Requirement :: Among the lines below, restate word for word only those from the line with "44243 Beech Ave, Lancaster, CA" through the line with "Tour panoramique en", with both end lines kept.
● ● ● ● ●
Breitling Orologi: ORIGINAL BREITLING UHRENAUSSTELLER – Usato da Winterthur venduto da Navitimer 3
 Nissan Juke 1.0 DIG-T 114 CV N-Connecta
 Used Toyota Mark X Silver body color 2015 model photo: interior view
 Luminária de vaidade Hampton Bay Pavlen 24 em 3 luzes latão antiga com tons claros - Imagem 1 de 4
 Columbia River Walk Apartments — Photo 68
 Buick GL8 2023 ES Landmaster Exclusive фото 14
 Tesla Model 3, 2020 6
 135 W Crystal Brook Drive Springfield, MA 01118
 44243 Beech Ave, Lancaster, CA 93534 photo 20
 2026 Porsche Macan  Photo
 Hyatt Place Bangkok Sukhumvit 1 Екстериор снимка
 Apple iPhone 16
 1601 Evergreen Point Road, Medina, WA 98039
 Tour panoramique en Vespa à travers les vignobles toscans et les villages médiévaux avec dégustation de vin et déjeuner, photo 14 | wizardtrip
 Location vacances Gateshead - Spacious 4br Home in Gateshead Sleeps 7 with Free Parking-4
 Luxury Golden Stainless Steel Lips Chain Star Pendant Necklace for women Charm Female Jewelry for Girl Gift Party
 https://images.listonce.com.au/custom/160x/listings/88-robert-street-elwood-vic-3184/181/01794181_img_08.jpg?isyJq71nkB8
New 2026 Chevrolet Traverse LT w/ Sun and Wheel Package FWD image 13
● ● ● ● ●
Result of the task ::
 44243 Beech Ave, Lancaster, CA 93534 photo 20
 2026 Porsche Macan  Photo
 Hyatt Place Bangkok Sukhumvit 1 Екстериор снимка
 Apple iPhone 16
 1601 Evergreen Point Road, Medina, WA 98039
 Tour panoramique en Vespa à travers les vignobles toscans et les villages médiévaux avec dégustation de vin et déjeuner, photo 14 | wizardtrip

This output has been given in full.